SO/H Positive Column AC Lamps

The first U-shaped positive column lamps were put on the market in 1932, a very busy year in which three generations of sodium lamp were introduced and promptly superseded! They were known as type SO/H, SO denoting SOdium vapour and the /H implying that the lamp had to be burned horizontally. For the first time in this year, the solid borate glass was abandoned because it was expensive and so difficult to work with, and it was succeeded by an ordinary soda-lime glass tube having a thin layer of borate blown onto its inner surface. The tube was bent into a U-shape, and an oxide coated electrode was sealed into each end of the tube using the reverse-pinch kind of seal that Philips had invented for its DC lamps. The lead wires were soldered to the base contacts of a porcelain bayonet cap, and an enamelled iron fork gave mechanical support to the U-tube and located the bend inside a dimple in the inner side of the dewar jacket. The fork was electrically connected to one of the electrodes and served as a third auxiliary external electrode to facilitate ignition of the discharge.

If the discharge tube was run in free air, thermal losses would prevent it from getting hot enough to vaporise the sodium with the effect that the lamp would never run up. To achieve the optimum temperature of 260°C without providing an external heater, some form of thermal insulation was required. The lamp with the best insulation would be the most efficient since less power would be needed to keep it warm. Heat is lost from the discharge tube by conduction, convection and radiation and the ideal lamp should minimise each of these three loss mechanisms.

Conduction and convection losses were greatly reduced by a relatively simple approach - the discharge tube was mounted inside a separate, detachable dewar vacuum jacket. Heat is conserved as it cannot be conducted or convected across the vacuum space in the jacket. The principle is just the same as when we use a Thermos vacuum flask, say, to keep a drink of coffee warm. However SO/H did little to combat the loss of radiated heat, and conduction and convection losses from the discharge tube to the air space around it prevented efficacy from increasing further. An SO/H lamp is shown diagramatically in Figure S21 and some examples have been photographed and can be viewed with individual details from the main page of this website.
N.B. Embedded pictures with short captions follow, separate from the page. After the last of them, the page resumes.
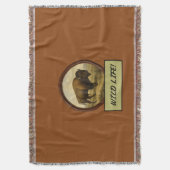 Couverture Selle de bison américaine Brown (devant Vertical)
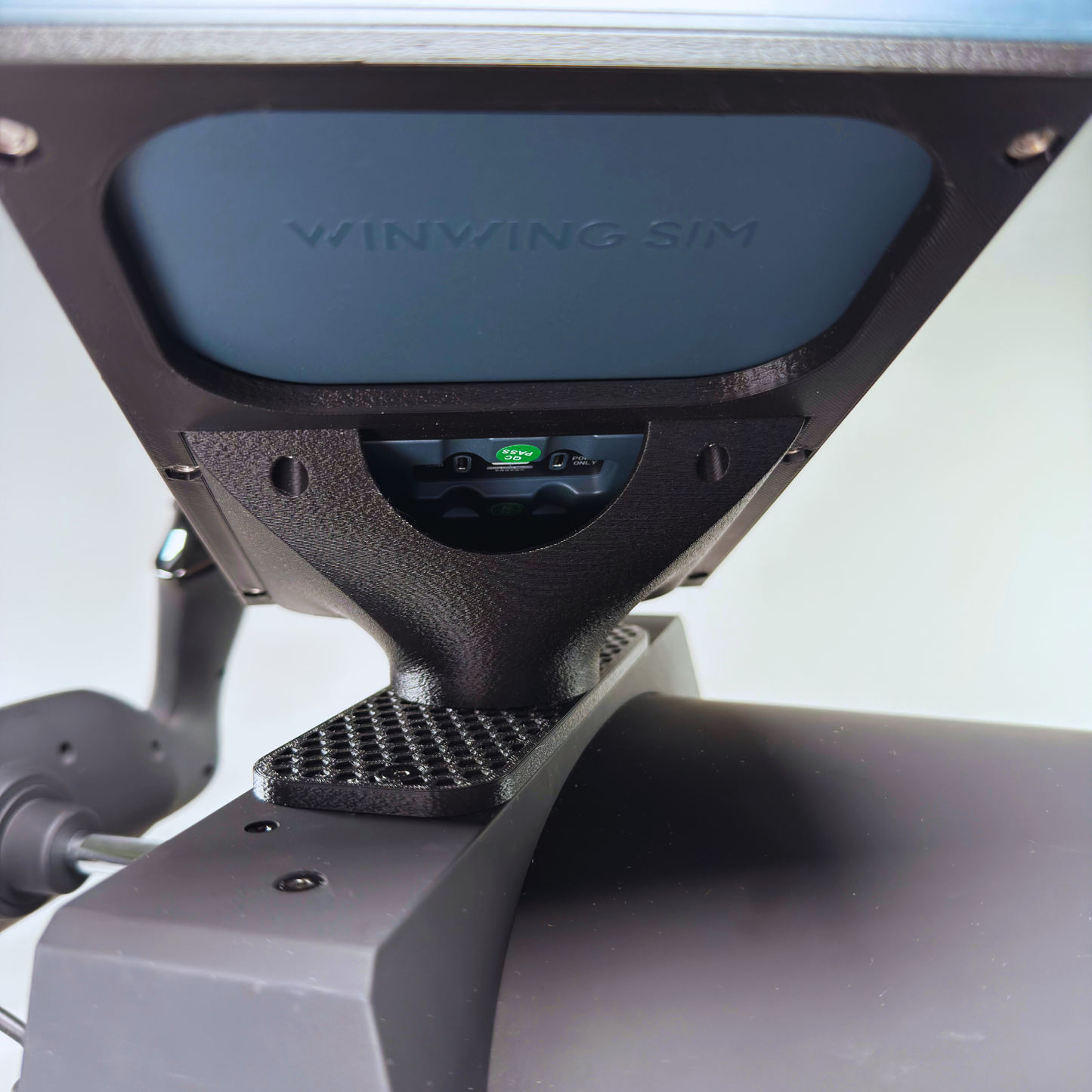 WinWing MCDU & PFP Mount for Honeycomb Alpha/Bravo | Swivel Flight Sim Panel Holder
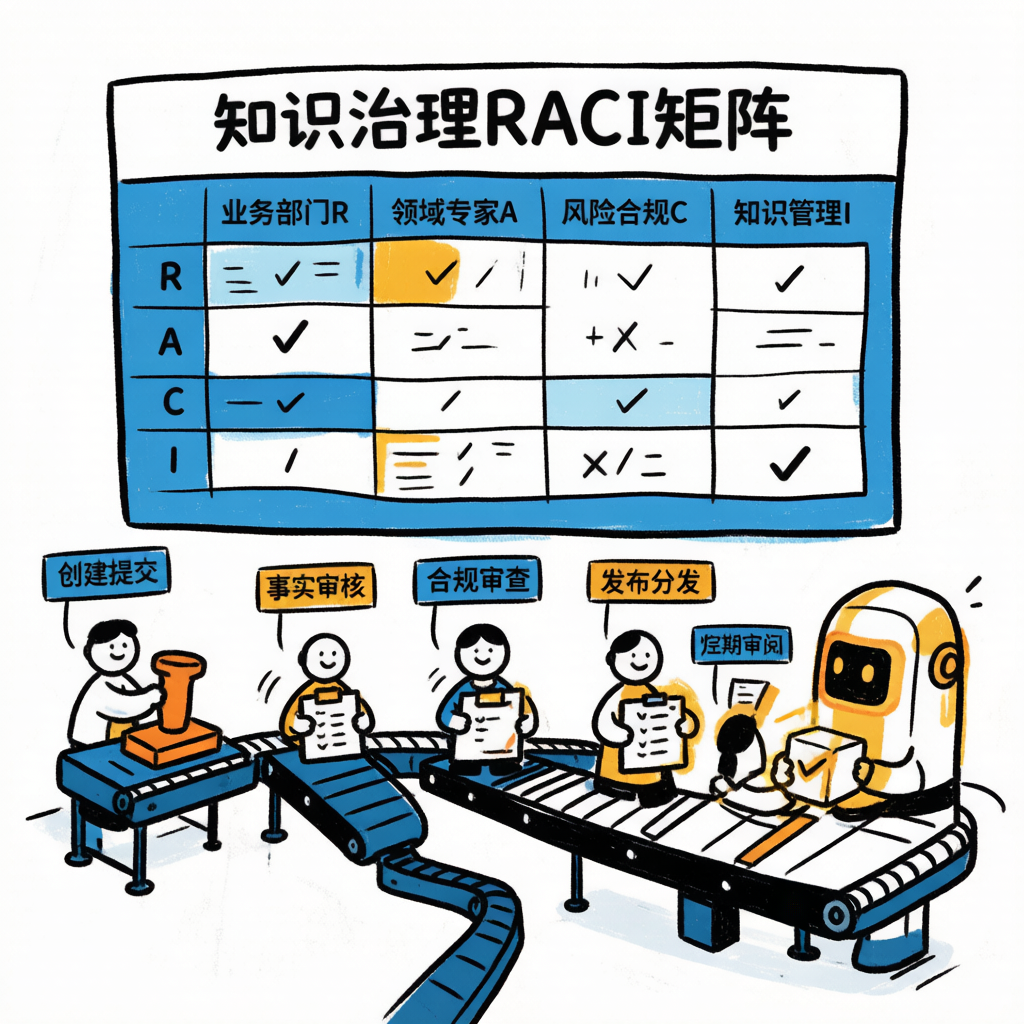 知识治理RACI矩阵
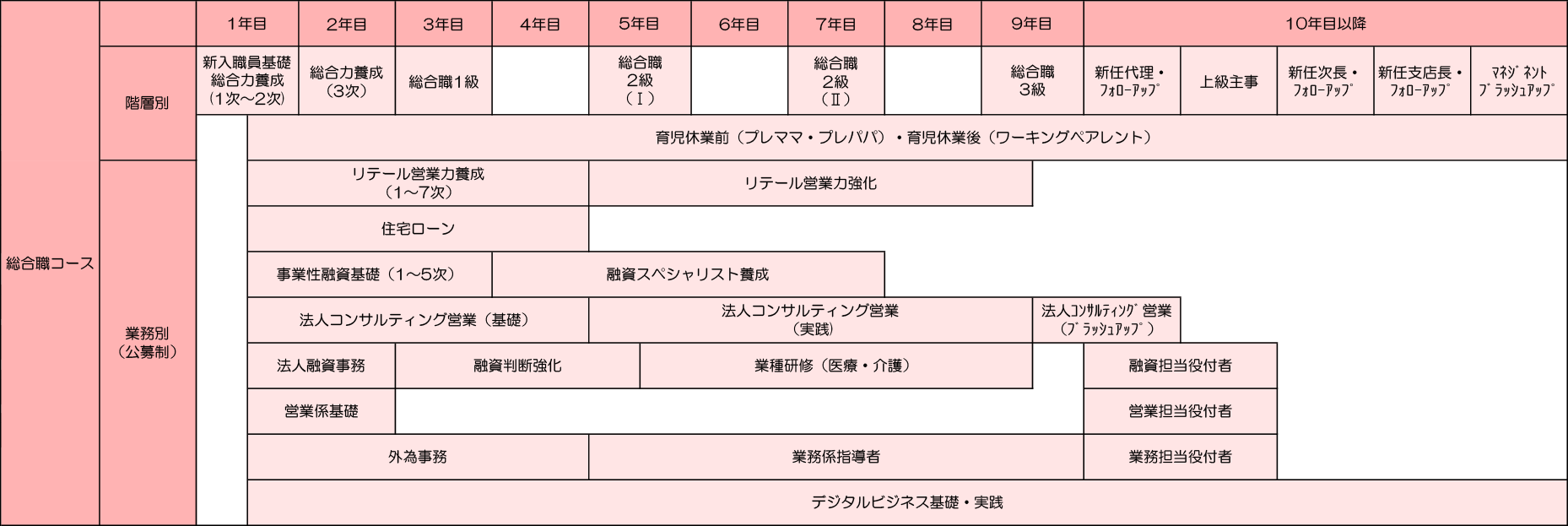 総合職コース　研修プログラム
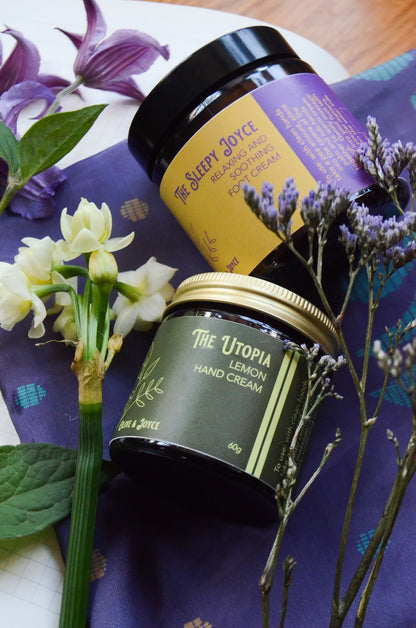 Tips & Toes | The Utopia Hand Cream + The Sleepy Joyce Foot Cream | Natural Skincare For Hands and Feet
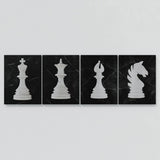 Chess Pieces Wall Art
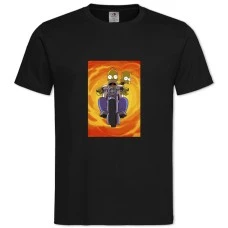 TThe Simpsons Bart And Homer -shirt with Print The Simpsons Bart And Homer - 2XL black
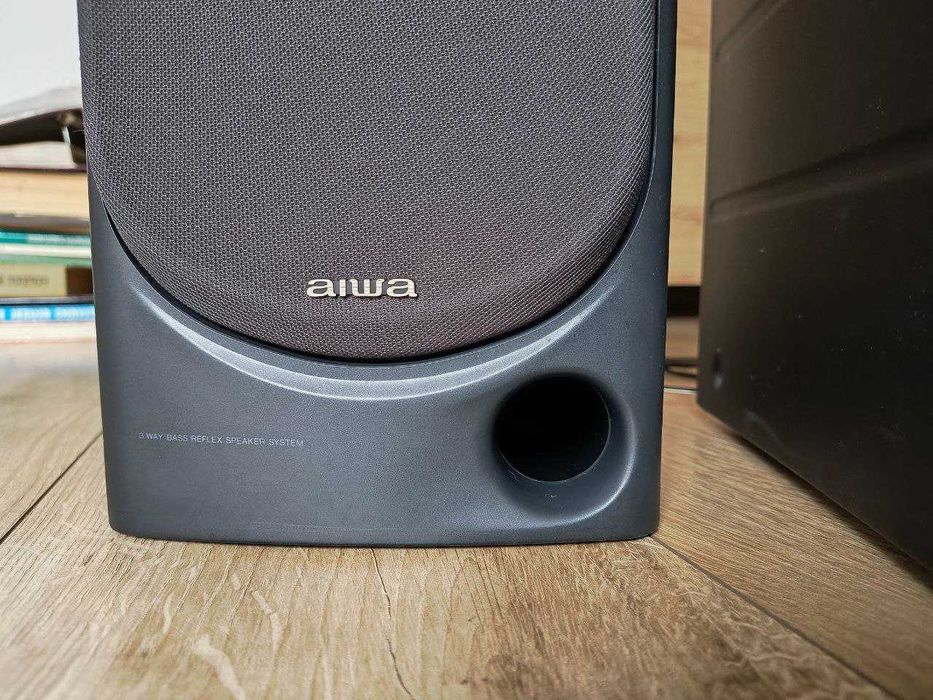 Wieża Aiwa NSX-320 2 kolumny + pilot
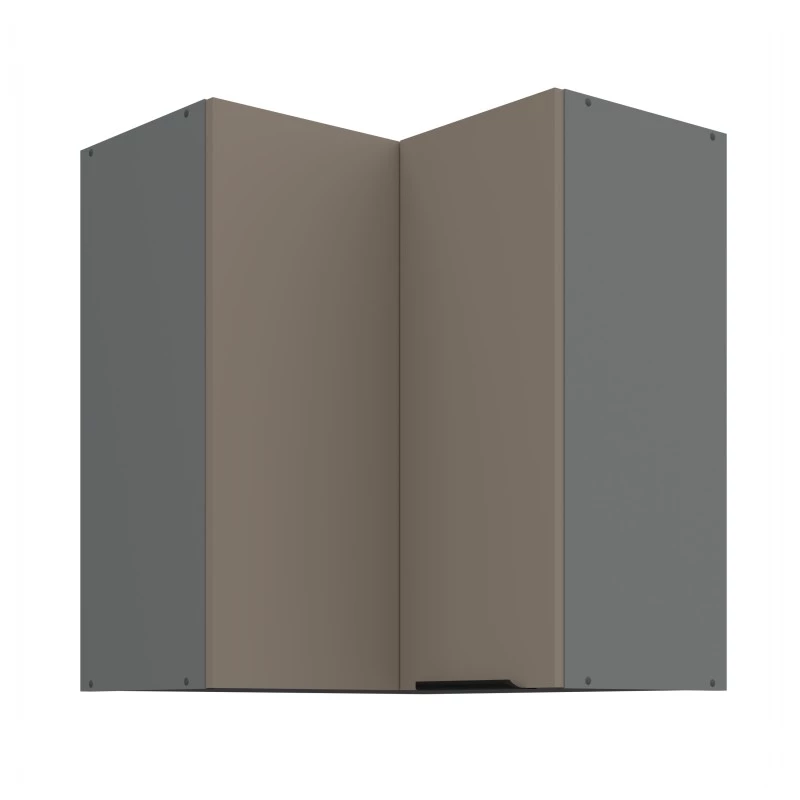 Oberschrank LUNARA 2 - 60x60 cm, dunkelbeige/anthrazit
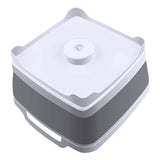 Foldable Dish Tub Washing Basin Collapsible Draining Pan Strainer Food Basket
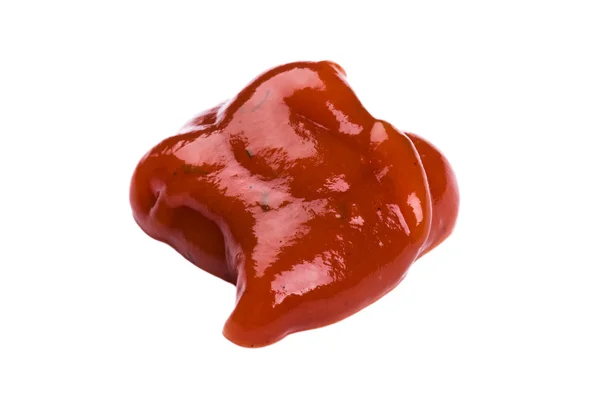 Keczup na białym tle — Zdjęcie stockowe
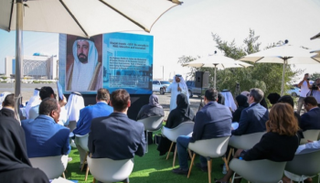 جانب من لقاء مجمع الشارقة للبحوث مع وسائل الإعلام المحلية والأجنبية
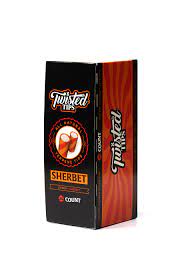 TWISTED TIPS 2/24PK SHERBET (1CT)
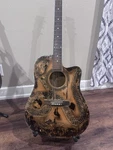 Yamaha Dreadnought Acoustic Guitar Snake Design Brown Right-handed 6 String. Fixed Price $300.00.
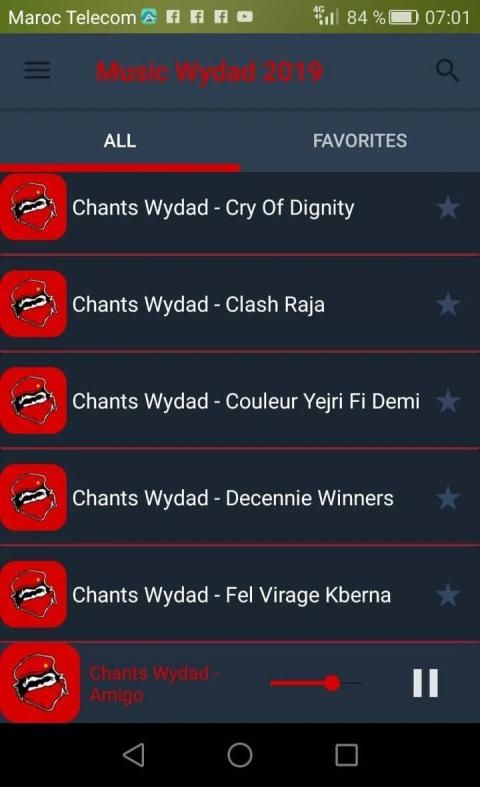 Music Wydad 2019 स्क्रीनशॉट 6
Figure S21 - Diagram of the SO/H Dewar Style Lamp

The first SO/H lamps were offered by Philips in four wattages, details of which can be found in Table S1 below. All lamps were rated for 2,500 hours service (Dorgelo and Bouma, 1937). It is not stated whether these figures apply to 100-hour values or average through-life performance, but the former would seem to be the more common figure for lamps of this era.
Type Lamp Current Lamp Voltage Initial Lumens Efficacy
50 W 0.6 A 80 V 2,550 lm 51 lm/W
65 W 0.6 A 110 V 3,780 lm 58 lm/W
100 W 0.6 A 165 V 6,100 lm 61 lm/W
150 W 0.9 A 165 V 9,600 lm 64 lm/W
Table S1 - Specifications of the First SO/H Style Lamps

Soon after 1937, a new glass type was made which offered a reduced rate of argon adsorption and thereafter lamps could be produced with a smaller dose of that efficacy-sapping gas. The new gas filling increased lamp efficacy by a small amount, and the lamps were re-rated to lower wattages to keep the luminous flux roughly the same for each size. The data for new re-rated SO/H lamps is quoted in Table S2, these being 100 hour values (Philips UK Catalogue, 1943).
Type Lamp Current Lamp Voltage Initial Lumens Efficacy
45 W 0.6 A 75 V 2,700 lm 60 lm/W
60 W 0.6 A 100 V 4,200 lm 70 lm/W
85 W 0.6 A 140 V 6,460 lm 76 lm/W
140 W 0.9 A 155 V 10,640 lm 76 lm/W
Table S2 - Specifications of the Re-Rated SO/H Style Lamps

One of the principal problems with all dewar-jacketed lamps was that as they cooled after switching-off, the air around the discharge tube contracted, thus drawing in cold air from outside. This often carried dust into the lamp, which gradually built up and absorbed light. In addition if moisture was drawn in, this would form films of condensation and being an electrical conductor, wet lamps were often very difficult to strike up in the evenings of the colder seasons. In the early days public lighting engineers would walk the streets on humid evenings and manually switch on and off the lantern in question in the hope that it would strike up after a few attempts.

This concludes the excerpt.